Woman's World Magazine

Fashion is such an essential part of the mundus muliebris of our day, that it seems to me absolutely necessary that its growth, development, and phases should be duly chronicled.
Oscar Wilde was editor of Woman's World Magazine from 1887-1889 and wrote the above in response to criticisms of the magazine's fashion pages. As a writer, trying to recapture some sense of the times, I'm incredibly grateful to those, like Wilde, who documented the frivolity of their times.

Wildeans often think of Oscar Wilde's love of ancient Greece in terms of how he idealized the ancient Greek approaches to men's sexuality, but we can see how he used the classics as models for women's lives as well, when we look at articles he published in Woman's World during those years, articles like “The Women of Greece,” “Woman and Democracy,” “Roman Women at the Beginning of the Empire,” and “A Pompeian Lady.”
The Woman’s World, edited by Mr. Oscar Wilde, gracefully got up as it is in every respect, has taken a high place among the illustrated magazines. Written by women, for women and about women, striking out an original line, it merited the success it has obtained. - The Times (December 1888)
In the 1890s, journalism was increasingly seen as an acceptable career path for a woman. Oscar Wilde's mother supplemented her income this way, she even wrote a piece for Woman's World called "Historic Women." Oscar Wilde's contributors were established female writers, society women, students, professional women and feminist campaigners. Julia Wedgewood, a well-known suffragist, authored "Women and Democracy." 

Readers followed social issues and philanthropy and were overwhelmingly feminist. Of course, with Oscar Wilde at its helm, Woman's World became associated with aestheticism, but it was also linked to women in pursuit of higher education.

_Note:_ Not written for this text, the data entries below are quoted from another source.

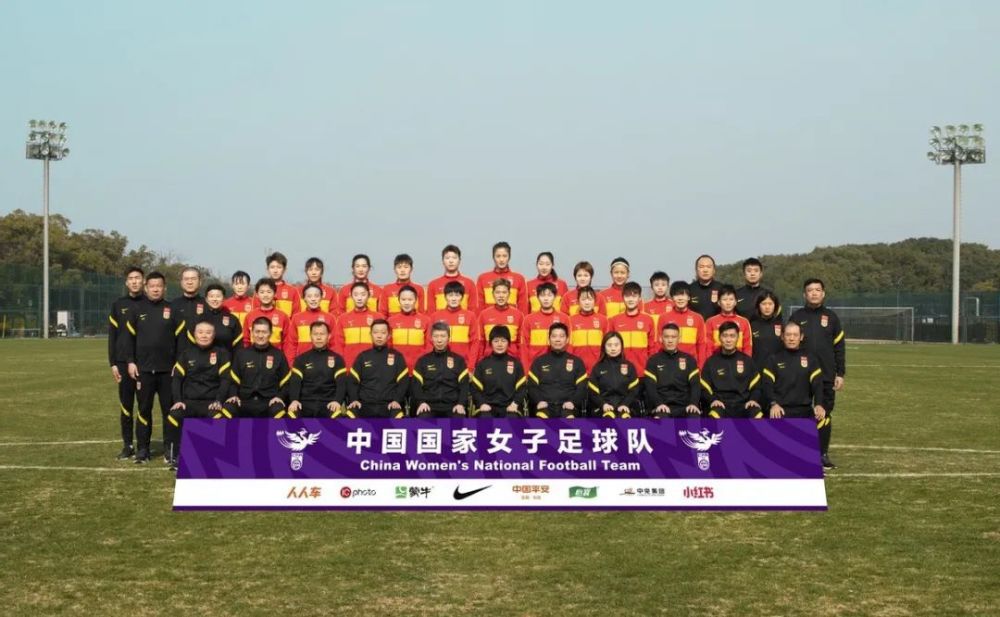 当他们遇到反牵引联盟的主力反抗军安娜方后，两人的人生轨迹彻底改变，他们将要面对的就是影片反派瓦伦丁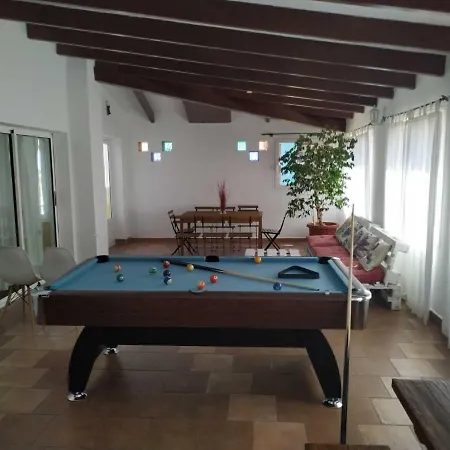Maria Carmen Villa *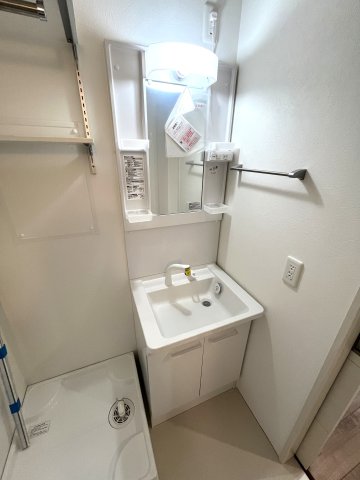 洗面設備　独立洗面台で身支度をすべて済ませてしまいましょう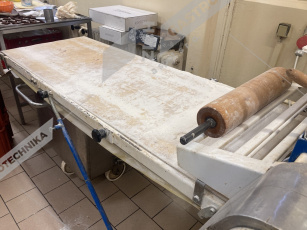 bazar č.1008 - Vyvalovačka těsta RS 400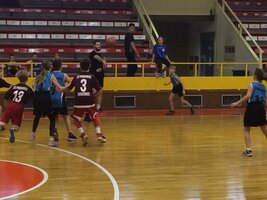 Liga škol - basketbal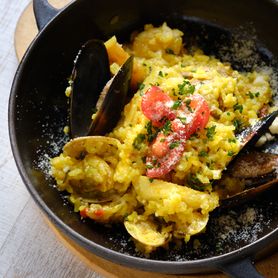 〆の魚介のブイヤベース風リゾット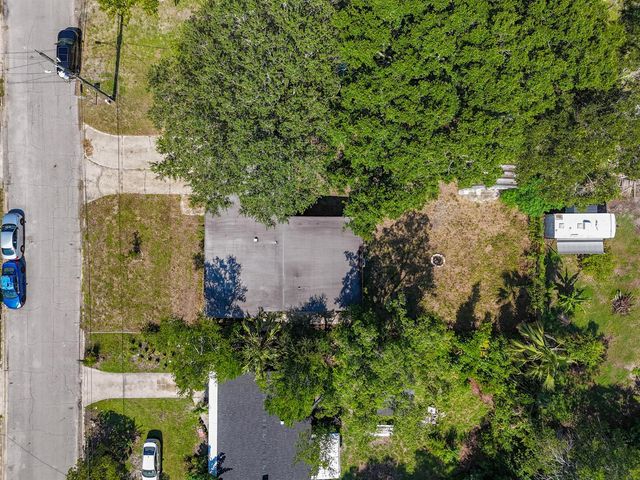 7615 Mayapple Road, Jacksonville, FL 32211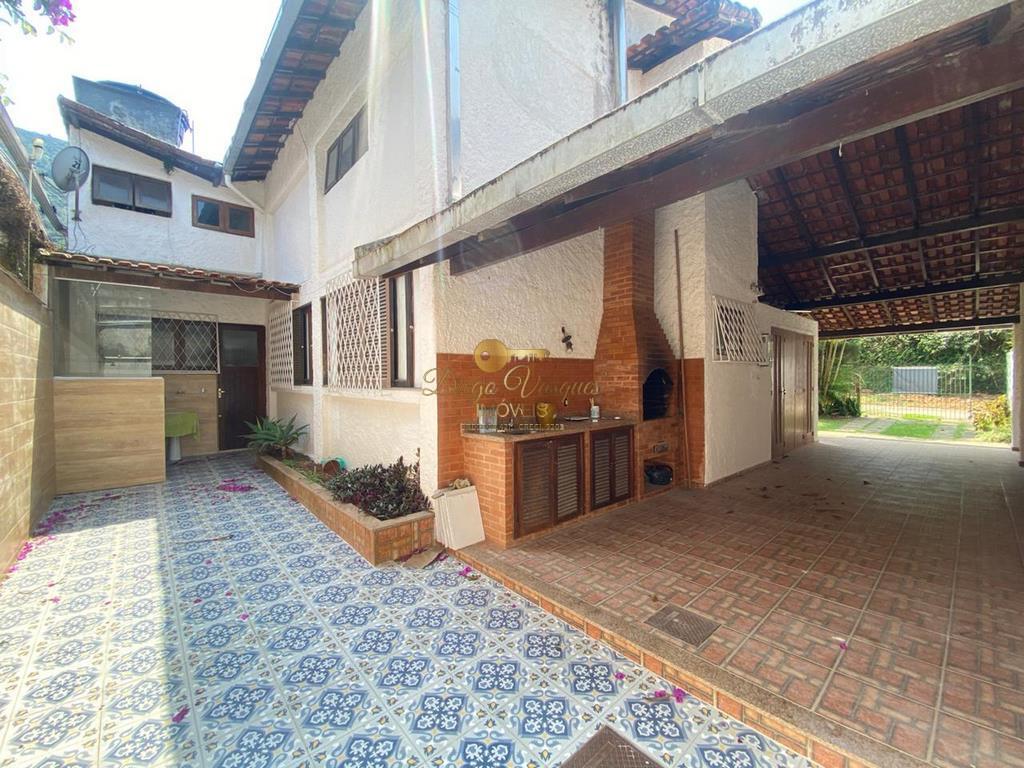 Casa de Condomínio à venda com 4 quartos, 300m² - Foto 3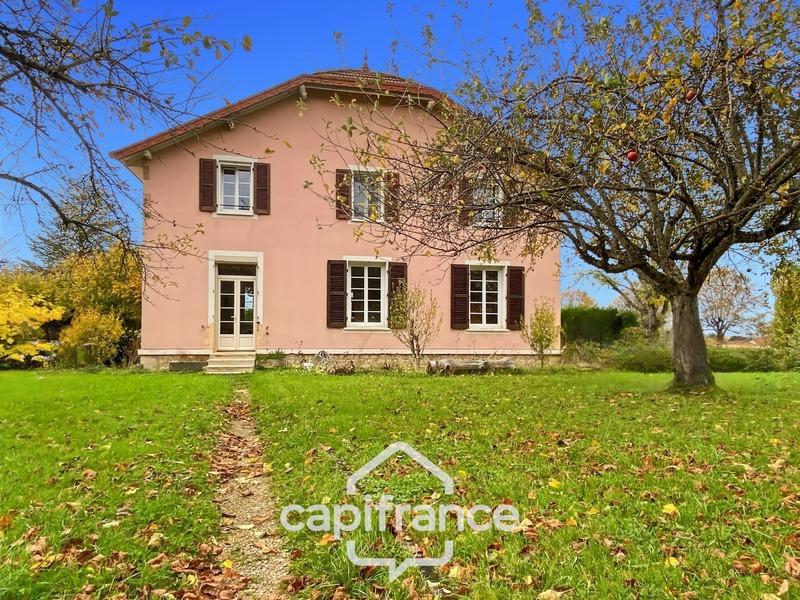 Maison bourgeoise - 212 m² - 8 pièces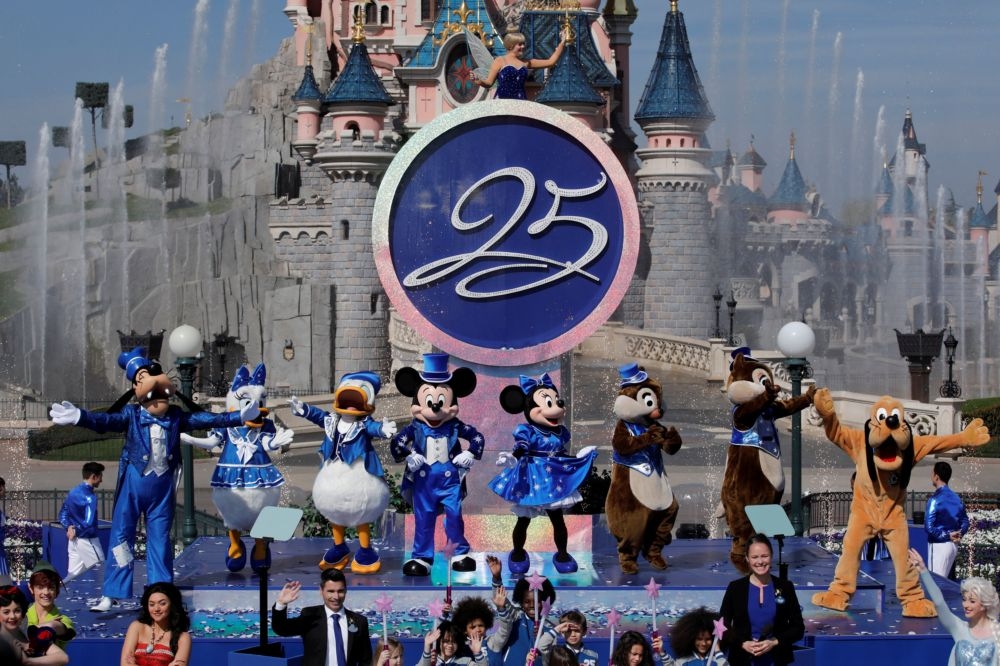 巴黎迪士尼歡慶25周年，旗下卡通人物獻上熱情歌舞表演。（湯森路透）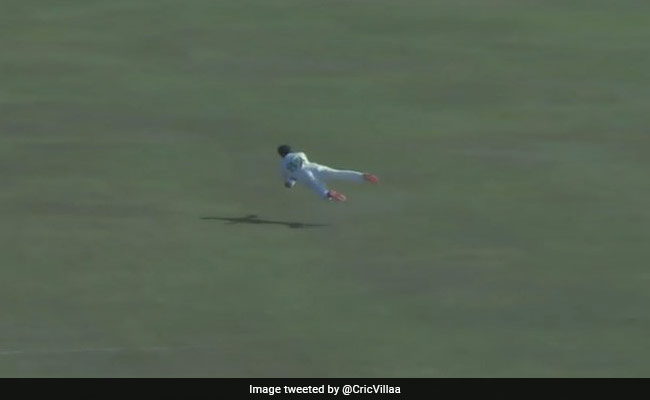 यासिर शाह 36 साल की उम्र में बने 'पाकिस्तानी सुपरमैन', ऐसा कैच लेकर बदल दी बल्लेबाज की किस्मत- Video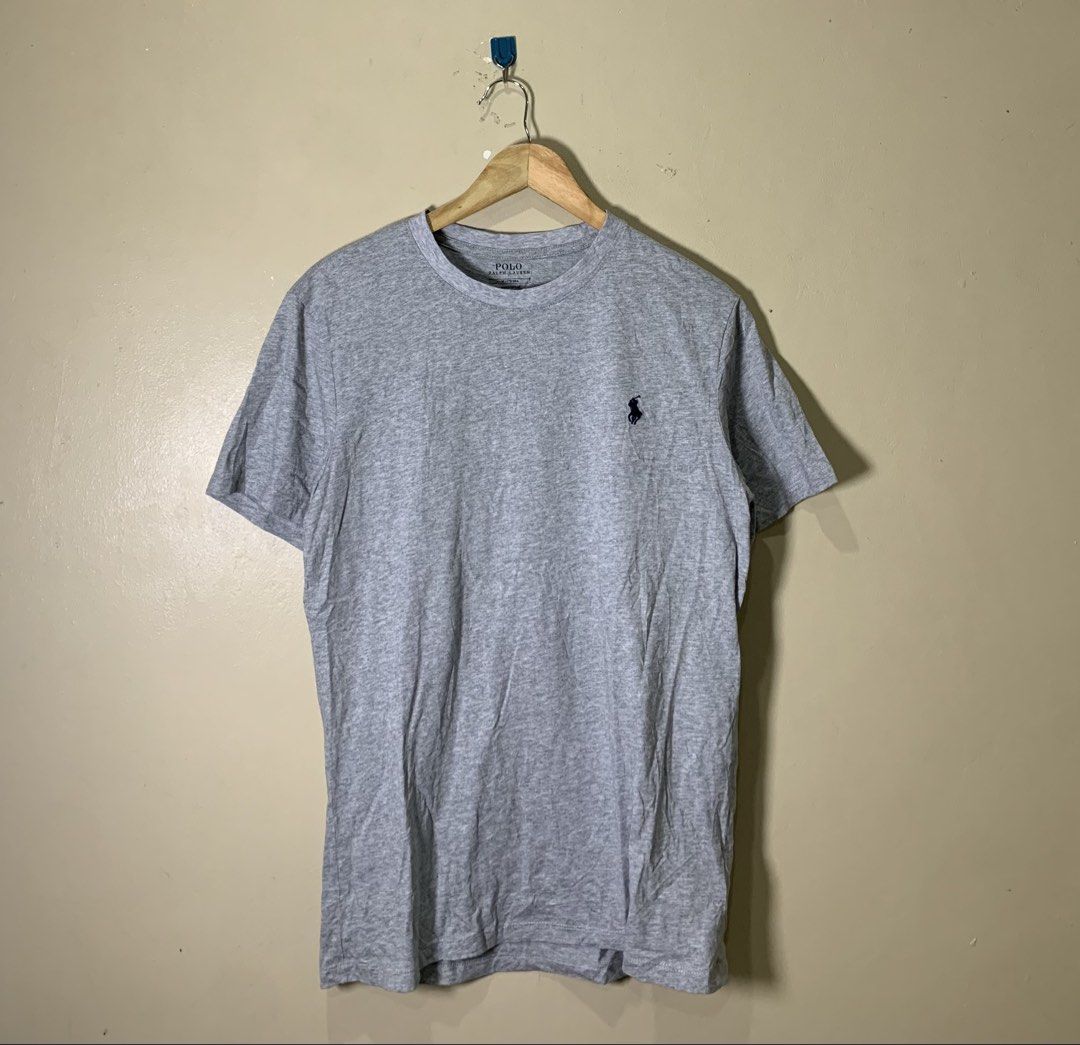 POLO RALPH LAUREN basic tee (Category: Tshirts & Polo Shirts ) located in Molave. Submitted by mysticbird_38213e (Listing ID 1469988858, Image 1). Description: Good condition No issue Solid po nito Bago pa.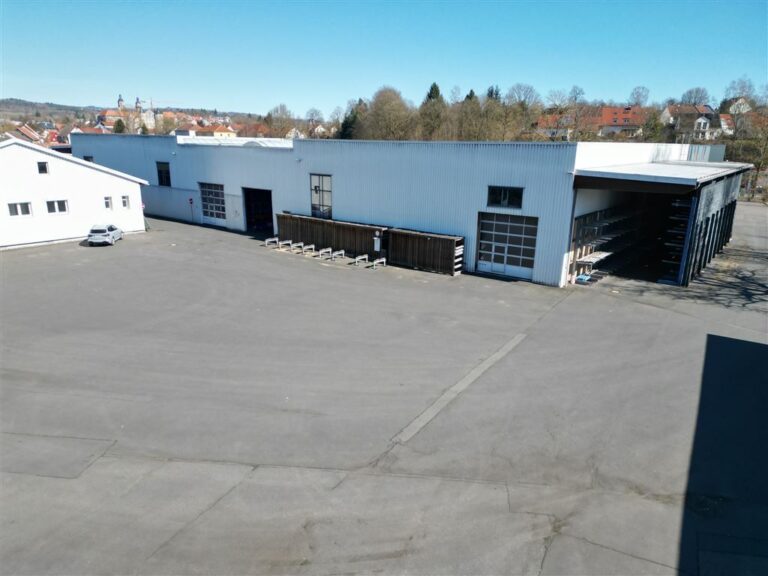 Lagerhalle/Hof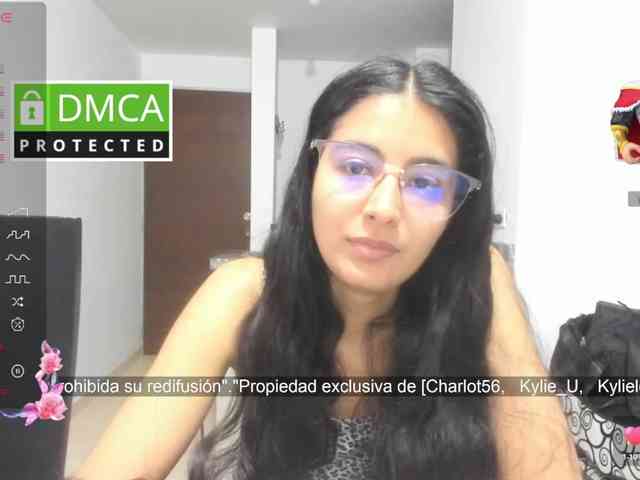 kylieloved22 webcam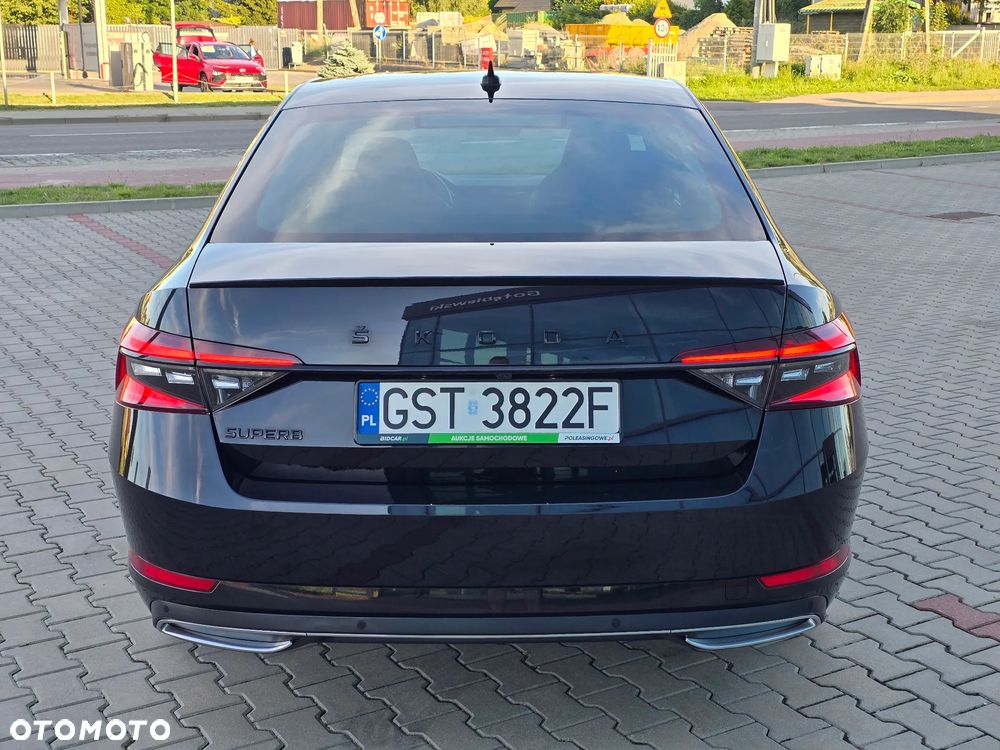 Skoda Superb 2.0 TDI SCR Sportline DSG - 16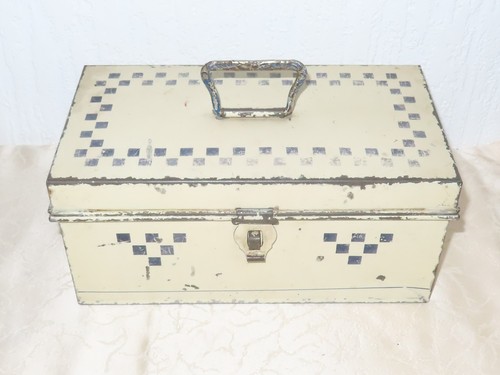 Boîte fer vintage - boîte, en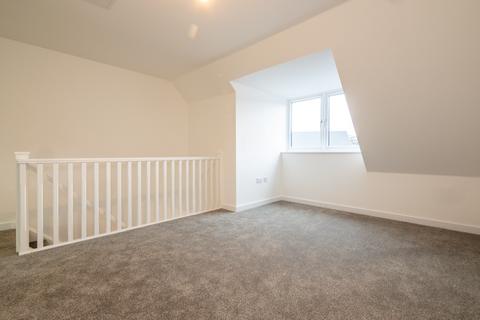 3 bedroom house to rent, at The Gateway, 40 GALLOWAY DRIVE M12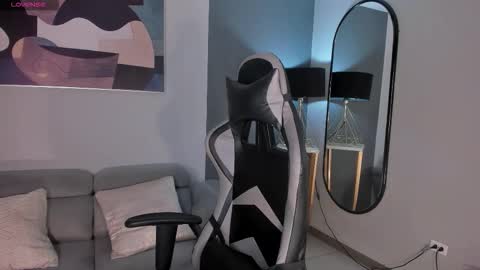 EllaClark online show from November 2025 07:03:01 PM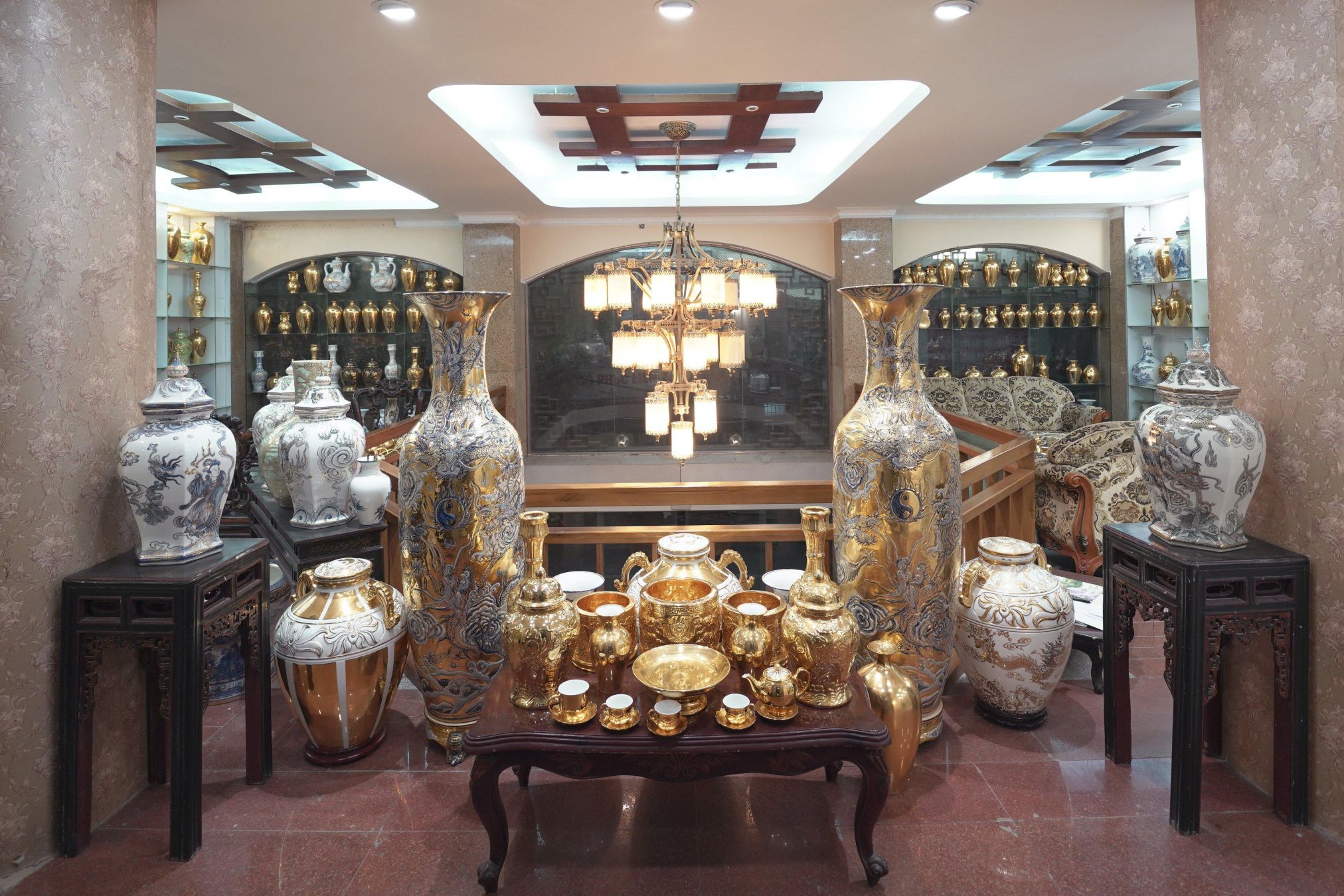 NASON trưng bày sản phẩm 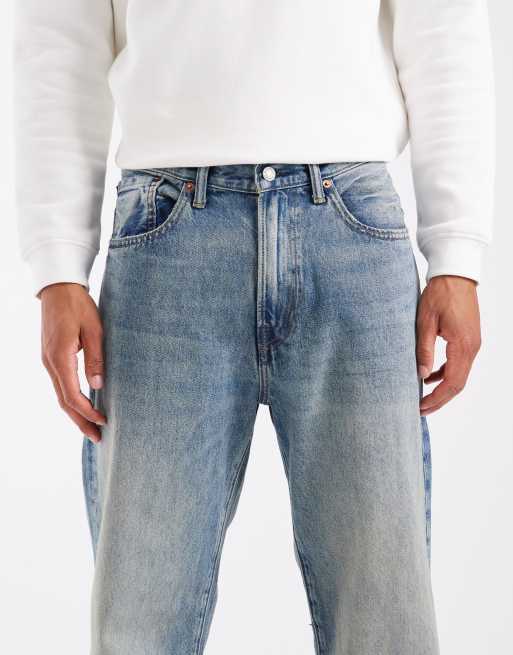 GAP 90s loose straight leg jeans in light wash, 4 of 5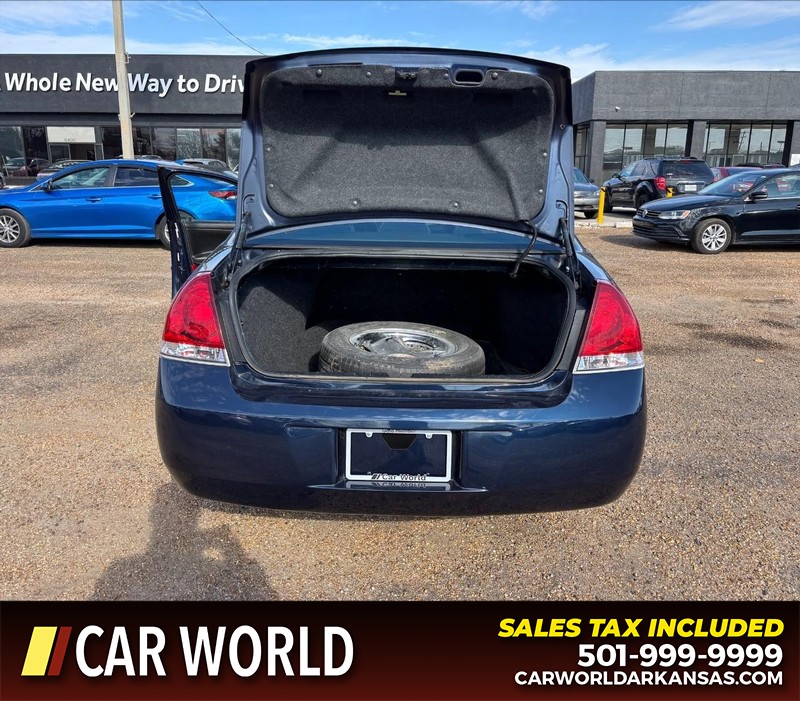 Chevrolet Impala Vehicle Full-screen Gallery Image 5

Something new that I learned today is the an 1880s and 90s synonym for the "New Woman" was "Girton Girl" because Girton referred to England's first residential college for women, established in 1869. Annie Edwards published a novel called A Girton Girl (1885), which has been digitized by Google, and was published in three volumes, dealing with many of the themes of a late-Victorian New Woman's life.

A laboratory at Girton College Cambridge (1900) 

Poetically, Elaine Showalter writes:
New Women and decadent artists were linked together as twin monsters of a decadent age, sexual anarchists who blurred the boundaries of gender.
I imagine them as very well-dressed and likable monsters, which reminds me that I started this tangent thinking about what my protagonists would wear to a very formal dinner party in 1889/90. 

Toward this end, Oscar Wilde called upon the ancient Greeks and wrote in  Woman's World that women could follow the ancient principles of Greek dress by suspending their dresses from their shoulders, even with sleeves, thereby creating rich and rippling folds.

Most of the information in this post comes from my own research and an essay by Isobel Hurst "Ancient and Modern Women in Woman's World."